(Work request): Below are some records. Write out the lines from the one containing "Market position of" to the last line, word for word, leaving out pictures.

◇ ◇ ◇ ◇

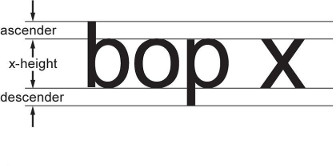 The height of the lower case letter x is the x-height. The part of the lower case letter b that is above the x-height is called an ascender. The part of the lower case letter p that is below the x-height is called a descender.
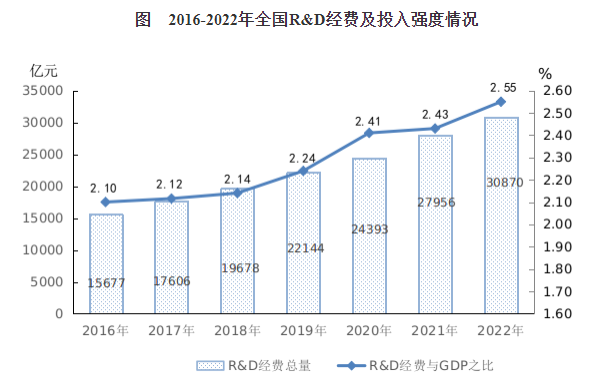 CA88(中国游)唯一官方网站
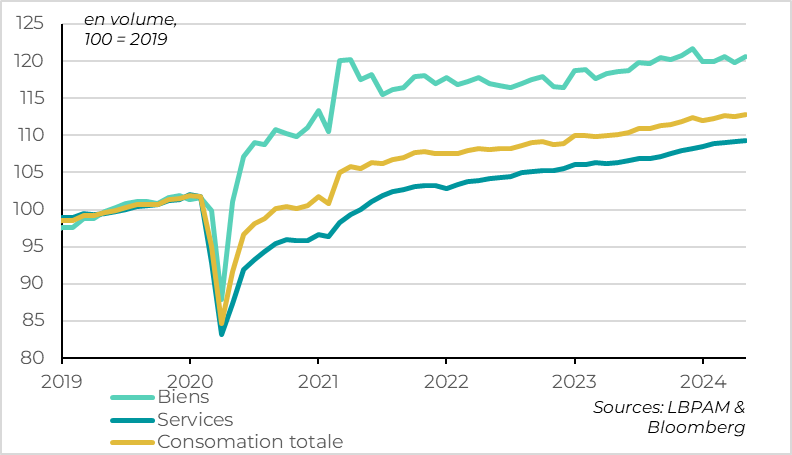 Etats-Unis : La consommation, et donc la croissance, ralentit graduellement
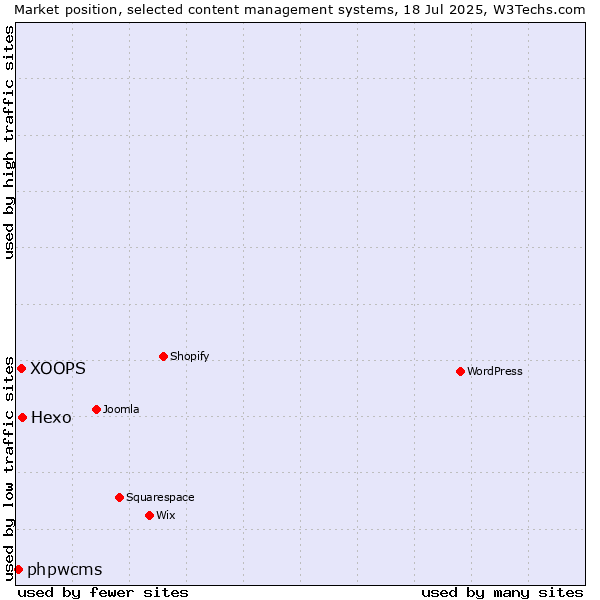 Market position of Hexo vs. XOOPS vs. phpwcms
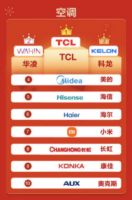 TCL真省电SE空调上市三月销量突破15万套，全网零差评成就行业新标杆！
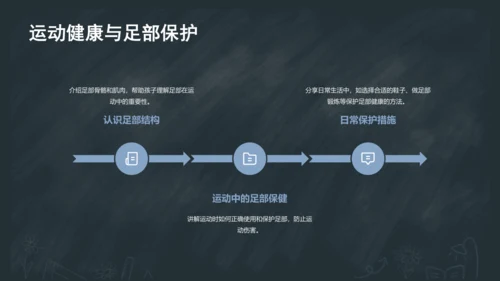 3《口耳目手足》课件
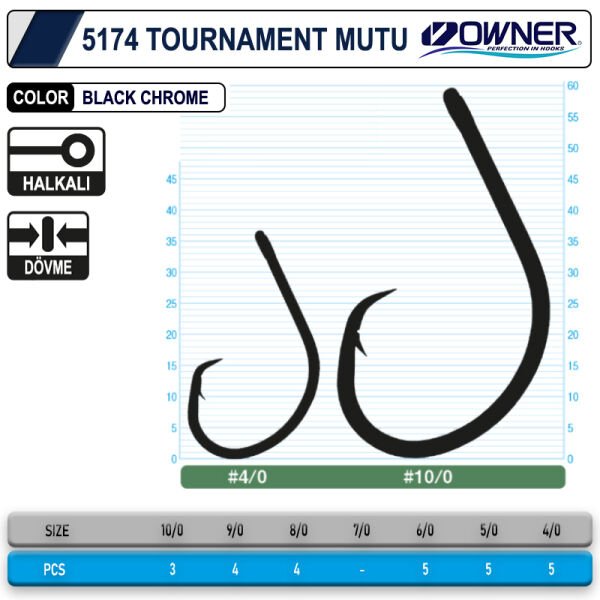 Owner 5174 Tournament Mutu Black Chrome İğne 10-0
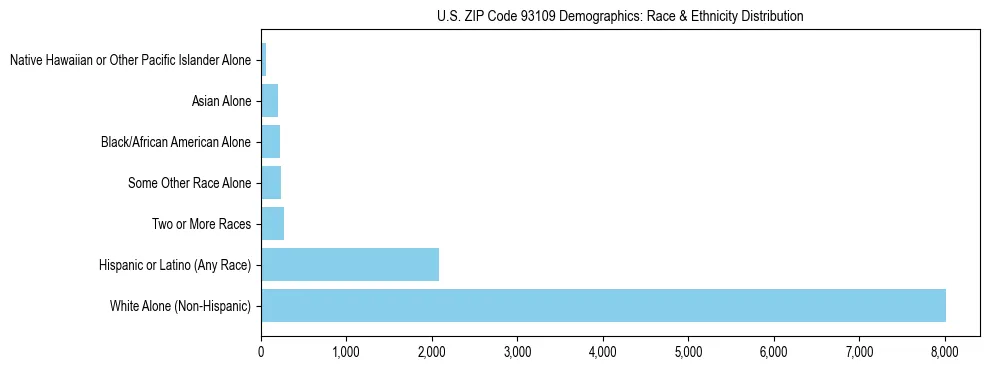 Race and Ethnicity Distribution Chart for US ZIP Code 93109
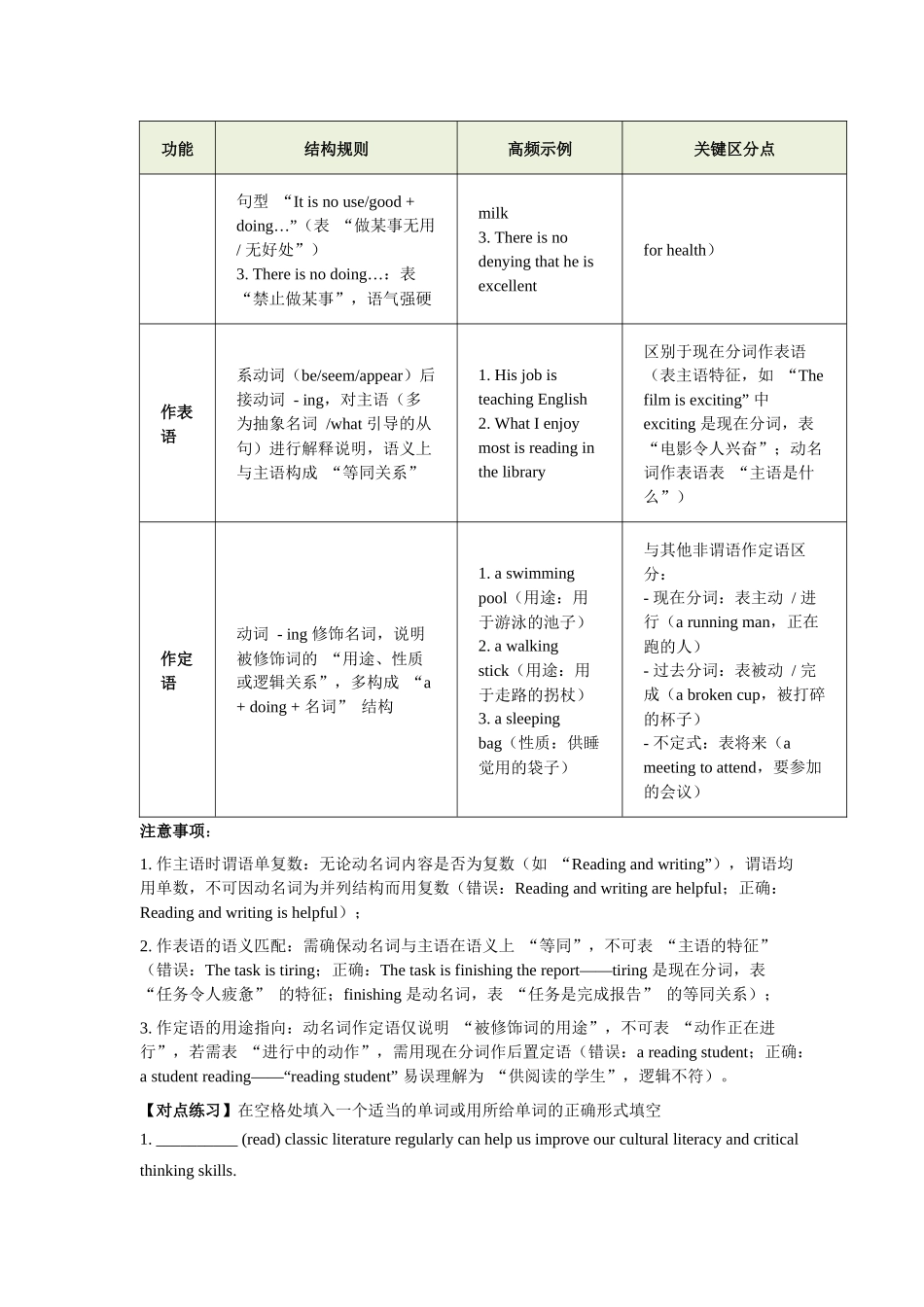 第10讲 动名词（教师版）.docx_第2页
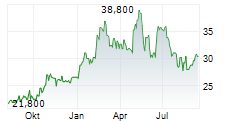 KANDENKO CO LTD Chart 1 Jahr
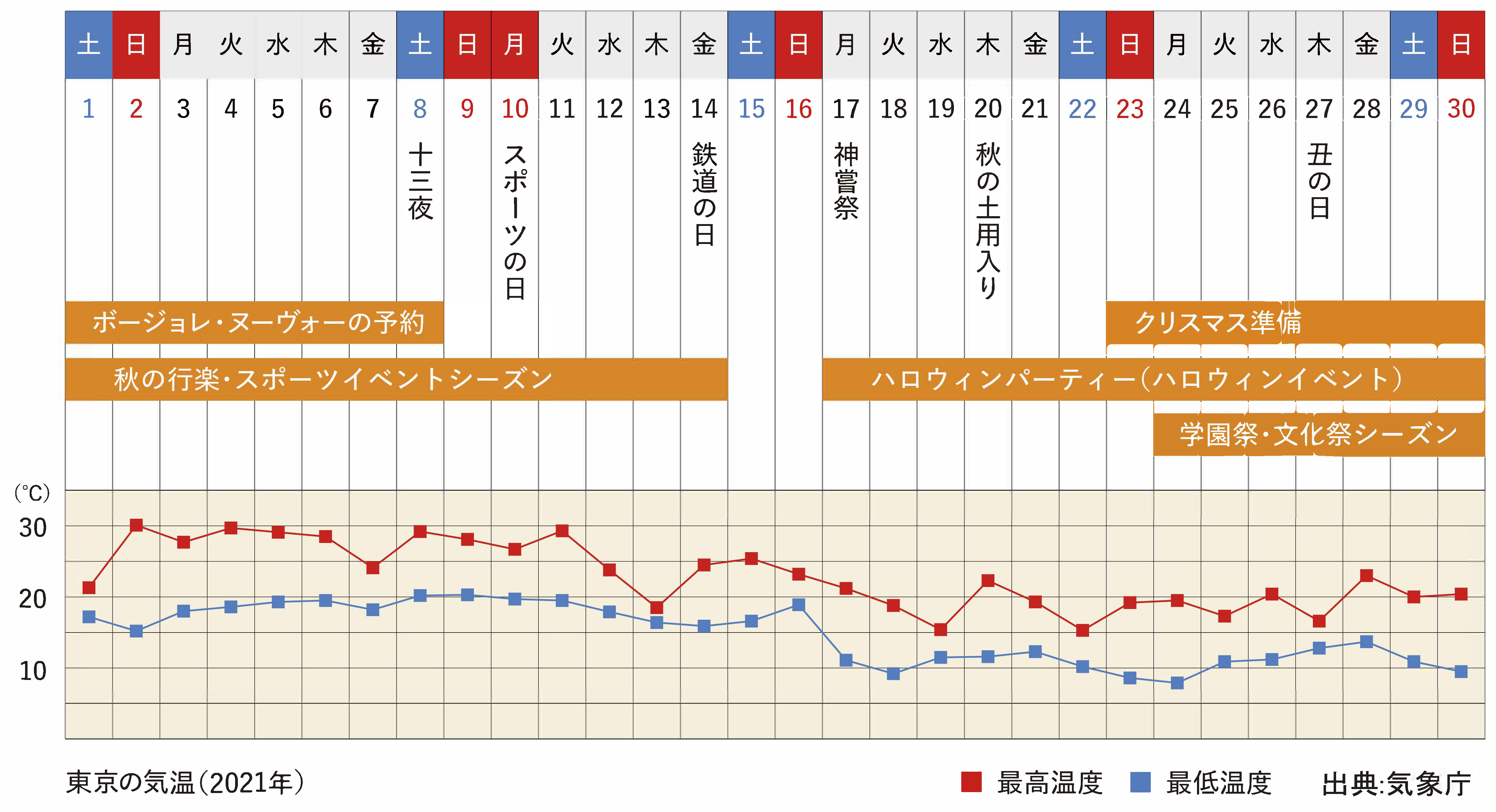 10月行事祭事と東京の気温グラフ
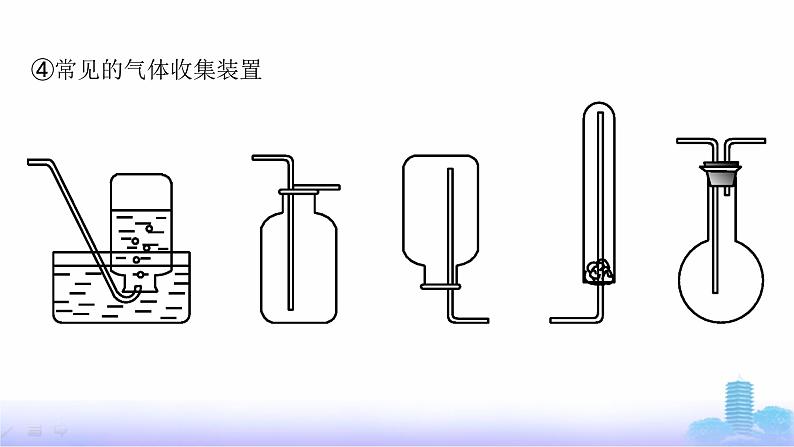 人教版高中化学必修第一册第2章海水中的重要元素——钠和氯教考衔接2有关气体实验的思维模型课件第7页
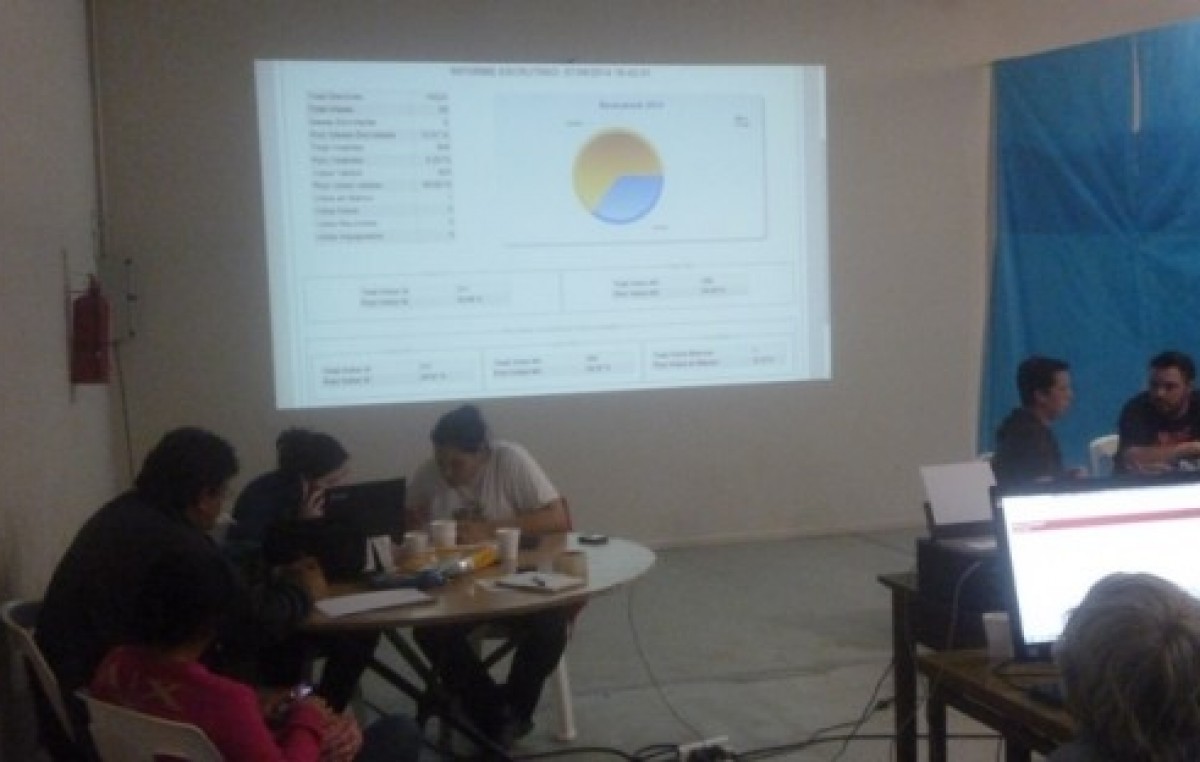 Con bajo porcentaje de votantes, destituyen al Intendente de Cosquín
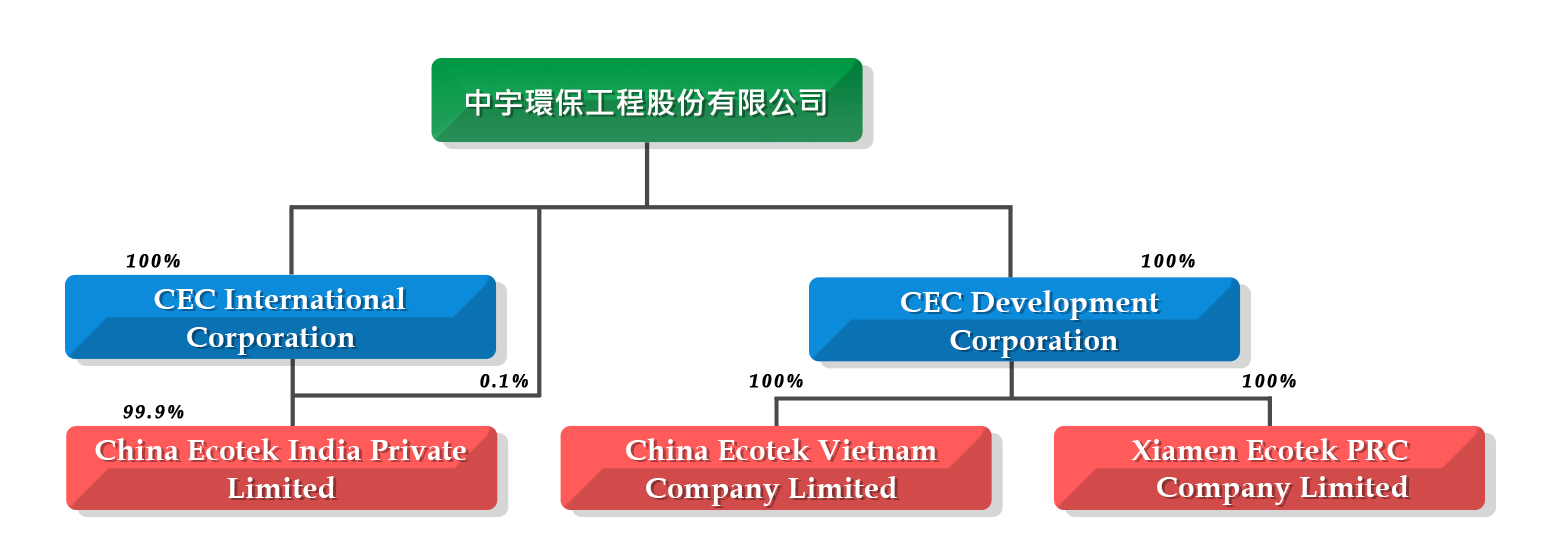 4.1.2 投資事業.png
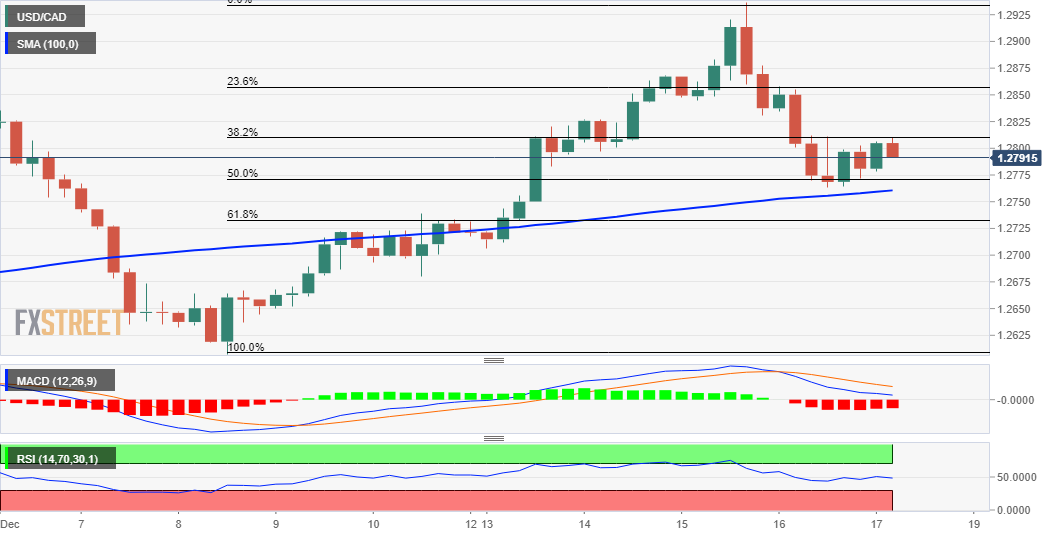 Phân tích giá USD/CAD: Việc đẩy lên trên mốc 1.2800 sẽ tạo tiền đề cho việc tiếp tục xu hướng tăng giá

◇ ◇ ◇ ◇

(Task output):
 Market position of Hexo vs. XOOPS vs. phpwcms
 TCL真省电SE空调上市三月销量突破15万套，全网零差评成就行业新标杆！
 3《口耳目手足》课件
 Owner 5174 Tournament Mutu Black Chrome İğne 10-0
 Race and Ethnicity Distribution Chart for US ZIP Code 93109
 第10讲 动名词（教师版）.docx_第2页
 KANDENKO CO LTD Chart 1 Jahr
 10月行事祭事と東京の気温グラフ
 人教版高中化学必修第一册第2章海水中的重要元素——钠和氯教考衔接2有关气体实验的思维模型课件第7页
 Con bajo porcentaje de votantes, destituyen al Intendente de Cosquín
 4.1.2 投資事業.png
 Phân tích giá USD/CAD: Việc đẩy lên trên mốc 1.2800 sẽ tạo tiền đề cho việc tiếp tục xu hướng tăng giá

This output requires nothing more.